There are stacks of choice when it comes to buying a printer, but if you are looking toward the higher end, something for a professional graphics market, then a lot more has to be considered. Speed plays a big part, as does quality of the prints, but if you are churning out volume then running costs are very important. The Xerox Phaser 8860 that we take a look at here, is right up there with all the superfast lasers, but it offers something a little different... just what makes the prints from this machine stand out from the crowd?
I am going to deal with the 8860's main features, and deal with the question of how each feature performs as we go. This is a slightly different way of doing things, but it means I can give you instant answers to your questions as they come along. The 8860 ADN costs £1,699 and offers 10/100 Ethernet connections and USB2. I tested the machine on an Intel based Apple Mac, and the software install and connection over both ethernet and USB performed admirably. There were no set-up problems at all.
This printer included automatic duplexing (double-sided prints) from the box. This is a really useful feature when report printing, so was a welcome addition. IT also gives you the ability to save paper (more on the money saving later). With a duty cycle of 120,000 prints per month and a quoted speed of 30ppm in both mono and colour, this reads like a true powerhouse. I cannot vouch for the duty cycle, but the speed is pretty much spot on. Black text resulted in an average of 27ppm, add in some graphics and after processing time we got 25ppm. Colour pages mainly consisting of text came in at 26ppm, with graphics added this dropped to a respectable 24ppm. So if you need speed, the 8860 delivers.
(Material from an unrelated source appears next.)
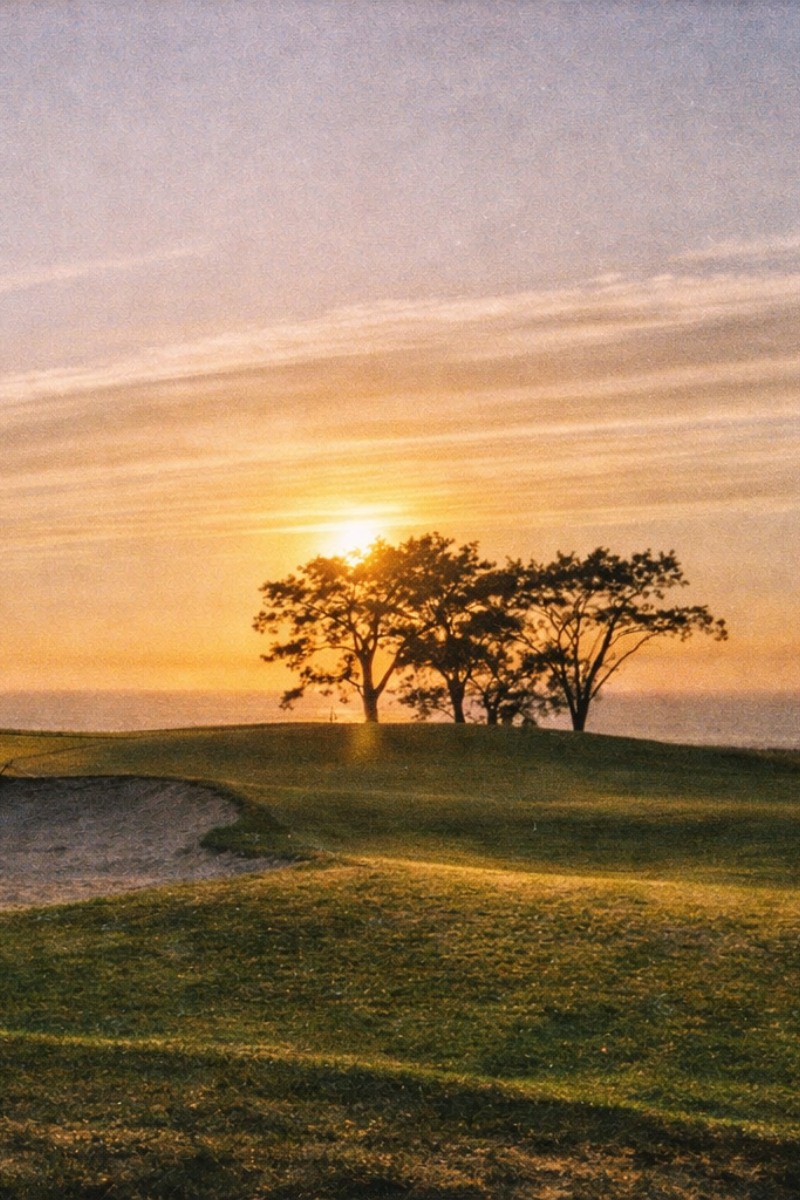 Golfman Issue No. 001 - Torrey Pines, San Diego card image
Quality is also very important and at 2400dpi the resolution should be superb. I found text to be great at point sizes 8 and above, but below this, not as crisp as some cheaper laser printers. When printing business graphics and photos the 8860 shone. Smooth gradations, very colour accurate, punchy graphics, all the traits of a high class printer. Now we get to the exciting part, and where the 8860 really stands out from the crowd. This printer uses a solid ink technology, instead of normal laser toner. It uses wax type blocks that you drop into the top of the printer, so loading it is very clean and easy. It then heats the wax and melts it onto the page. Two minor problems with this are the smell, which is not that nice, plus you cannot overprint your printouts on a standard laser or laminate them. If you try this, the print will smear into a gooey mess. That aside, the quality is outstanding. The print is laid onto the page in such a way that you get a slightly raised feel to it. When printing large areas of solid colour or photos this also shows off the finish which has a nice gloss look to it. So the 8860 delivers again, with awesome quality printouts.
The Phaser 8860 offers true Adobe Postscript 3, Mac and PC compatibility, speed, cheap running costs and quality prints. I would not recommend it for the home market, due to the smell, but then it is not aimed at this sector. For small to large office based companies, or graphic design pros, the 8860 really is worth the money. You will be amazed at the consistently good prints, and that raised effect that jumps off the page at you, has to be seen to be believed. This is a lot of money to invest, but well worth it.